Russian energy giant Gazprom said it would suspend gas supplies to France's main provider Engie from Thursday after it failed to pay for all deliveries made in July. ‘Gazprom Export has notified Engie of a total suspension of gas supplies from September 1, 2022, until the full receipt of the financial sums due for the deliveries,’ Gazprom said in a statement published Tuesday on Telegram. It said a decree signed by Russian President Vladimir Putin in March banned it from exporting gas to a foreign buyer if the client did not make all payments within a time period stipulated in the contract. Gazprom added that as of late Tuesday it had not received all the sums due for deliveries made to Engie in July. Engie declined to comment on Gazprom's announcement when contacted by AFP. The French firm had earlier Tuesday said Gazprom informed it of further and immediate reductions of gas deliveries due to a ‘disagreement between the parties on the implementation of contracts’.

----------

EU foreign ministers aim to find a solution to a contentious push to ban Russian tourists from the EU on the second day of an informal summit in Prague. ‘In times of war there is no place for tourism, but it doesn't mean that there's no place for any kind of movement,’ Czech Foreign Minister Jan Lipavský said. The idea of restricting Russian tourists entering the EU has emerged recently after countries witnessed Russians arriving for summer holidays via neighbouring EU countries.

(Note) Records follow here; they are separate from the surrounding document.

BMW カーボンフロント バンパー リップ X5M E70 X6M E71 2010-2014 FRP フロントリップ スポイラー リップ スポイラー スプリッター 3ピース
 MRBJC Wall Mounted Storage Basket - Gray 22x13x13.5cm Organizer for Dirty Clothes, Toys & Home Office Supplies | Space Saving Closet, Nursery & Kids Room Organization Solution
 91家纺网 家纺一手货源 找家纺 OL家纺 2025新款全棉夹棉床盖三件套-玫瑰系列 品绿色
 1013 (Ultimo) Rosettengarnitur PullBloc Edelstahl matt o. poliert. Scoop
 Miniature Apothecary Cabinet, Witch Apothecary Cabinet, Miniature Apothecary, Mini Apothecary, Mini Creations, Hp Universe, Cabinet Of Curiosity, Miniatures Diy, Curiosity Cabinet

The Czech Republic, Finland and Estonia, after imposing their own visa restrictions, have pushed for an EU-wide decision and called for a total ban on Russian nationals travelling to the bloc. Germany and France have rejected the proposed blanked ban in a joint position paper circulated to the EU member states and seen by dpa.

----------

Mikhail Gorbachev, who changed the course of history by triggering the demise of the Soviet Union and was one of the great figures of the 20th century, has died in Moscow aged 91. His death was announced by Russian news agencies, which said Gorbachev had died at a central hospital in Moscow ‘after a serious and long illness’. Gorbachev, in power between 1985 and 1991, helped bring US-Soviet relations out of a deep freeze and was the last surviving Cold War leader. His life was one of the most influential of his times, and his reforms as Soviet leader transformed his country and allowed Eastern Europe to free itself from Soviet rule.

----------

Tourists will be able to visit Japan from next week on package tours without a guide, Prime Minister Fumio Kishida said, as the country moves to ease strict Covid-19 controls. From September 7, Japan will also raise its daily cap on the number of people allowed to enter the country to 50,000, Kishida told reporters. Japan has kept strict border restrictions in place longer than many other major economies, and only in June began allowing tourists to visit on the condition they came in tour groups accompanied by guides. ‘As international exchange becomes more active worldwide, Japan will join this movement – also from the viewpoint of taking advantage of a cheap yen,’ said Kishida, who has himself just recovered from Covid-19.

----------

Taiwan's Defence Ministry said China's recent military drills had jeopardized the status quo in the Taiwan Strait, vowing to ‘do whatever it takes’ to defend Taiwan. ‘We will continue defending our national security, firmly holding on to the median line, and doing whatever it takes to protect our homes, our families, and our sovereignty,’ ministry spokesperson Li-Fang Sun said. After US House of Representatives Speaker Nancy Pelosi visited Taiwan in early August, the Chinese People's Liberation Army launched military manoeuvres around Taiwan, followed by large-scale maritime and aerial drills.